[WORK REQUIRED] Starting at the line that contains "vidaXL Έπιπλο Τηλεόρασης" and ending at the line that contains "Jun. 17-21, 1810", the lines below are to be given again exactly, with nothing added.

[ENTRIES SUPPLIED]
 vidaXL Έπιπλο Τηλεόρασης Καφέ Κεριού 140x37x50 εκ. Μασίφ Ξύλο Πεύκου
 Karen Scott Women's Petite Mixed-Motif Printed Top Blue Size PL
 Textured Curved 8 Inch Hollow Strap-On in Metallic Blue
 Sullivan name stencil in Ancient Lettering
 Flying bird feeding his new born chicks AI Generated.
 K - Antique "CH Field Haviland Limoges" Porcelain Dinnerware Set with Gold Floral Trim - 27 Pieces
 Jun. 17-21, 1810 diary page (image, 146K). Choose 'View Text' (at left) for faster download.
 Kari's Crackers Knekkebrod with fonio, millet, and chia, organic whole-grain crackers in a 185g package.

==

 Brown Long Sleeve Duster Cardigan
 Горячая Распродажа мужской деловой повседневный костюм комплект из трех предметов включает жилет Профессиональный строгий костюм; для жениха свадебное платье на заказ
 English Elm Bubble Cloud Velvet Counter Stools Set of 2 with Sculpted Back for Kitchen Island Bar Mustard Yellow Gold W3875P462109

==

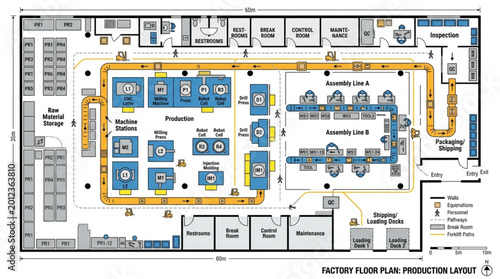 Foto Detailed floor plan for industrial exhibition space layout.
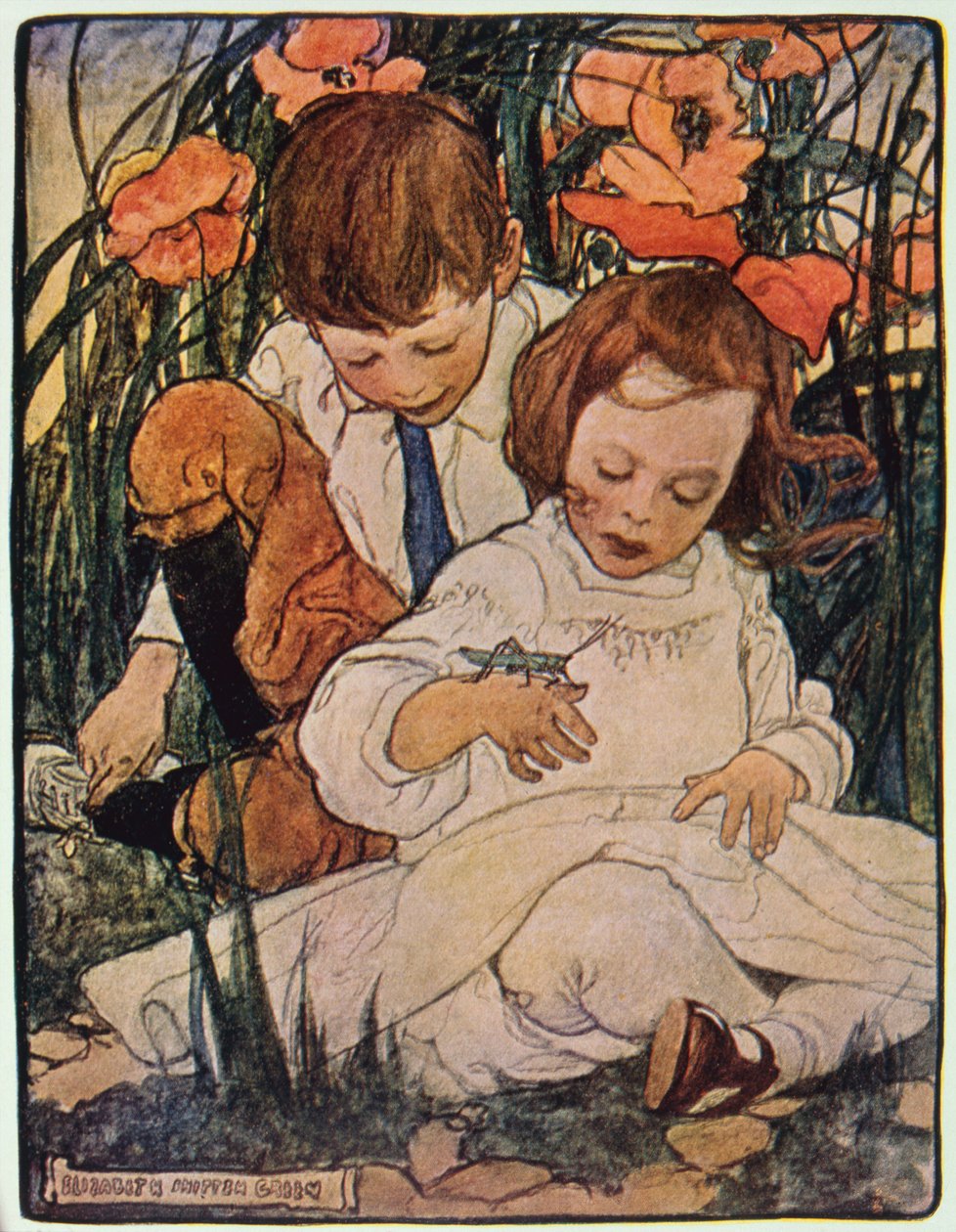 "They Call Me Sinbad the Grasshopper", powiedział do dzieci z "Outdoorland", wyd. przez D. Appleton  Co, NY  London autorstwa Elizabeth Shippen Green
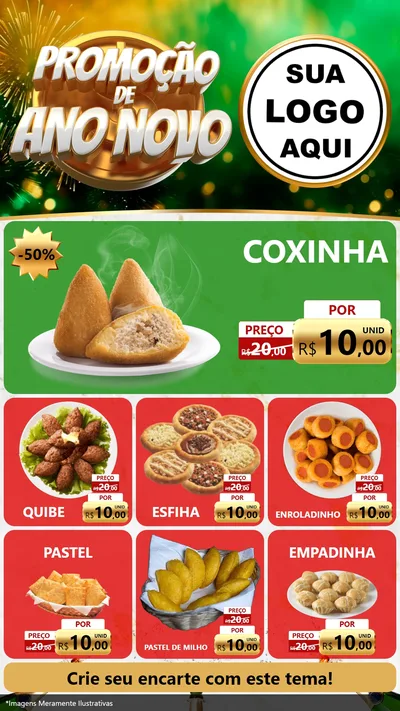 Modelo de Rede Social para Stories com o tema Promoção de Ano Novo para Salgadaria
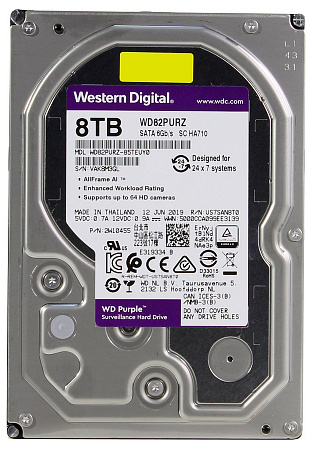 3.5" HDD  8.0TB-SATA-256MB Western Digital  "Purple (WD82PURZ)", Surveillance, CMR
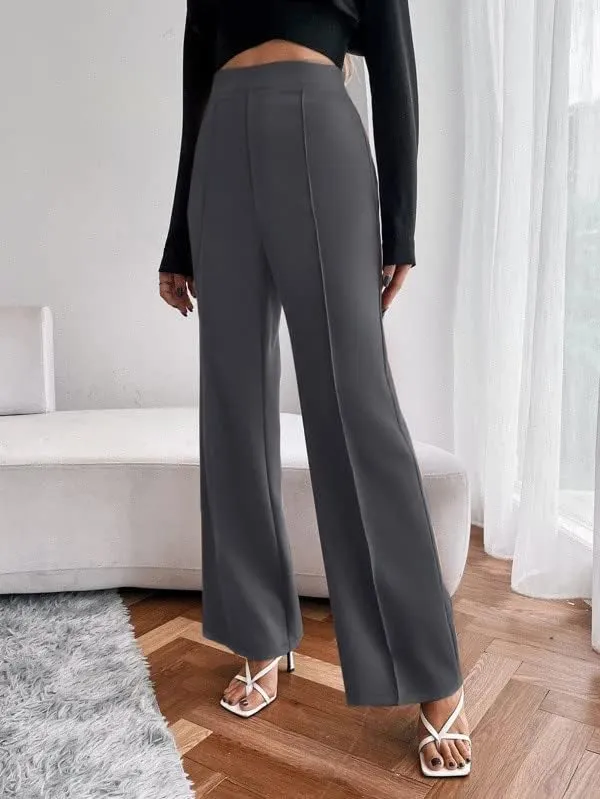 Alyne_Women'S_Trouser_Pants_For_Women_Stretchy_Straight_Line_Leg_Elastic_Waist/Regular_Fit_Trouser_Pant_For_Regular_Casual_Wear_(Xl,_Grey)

[EXERCISE SOLUTION]
 vidaXL Έπιπλο Τηλεόρασης Καφέ Κεριού 140x37x50 εκ. Μασίφ Ξύλο Πεύκου
 Karen Scott Women's Petite Mixed-Motif Printed Top Blue Size PL
 Textured Curved 8 Inch Hollow Strap-On in Metallic Blue
 Sullivan name stencil in Ancient Lettering
 Flying bird feeding his new born chicks AI Generated.
 K - Antique "CH Field Haviland Limoges" Porcelain Dinnerware Set with Gold Floral Trim - 27 Pieces
 Jun. 17-21, 1810 diary page (image, 146K). Choose 'View Text' (at left) for faster download.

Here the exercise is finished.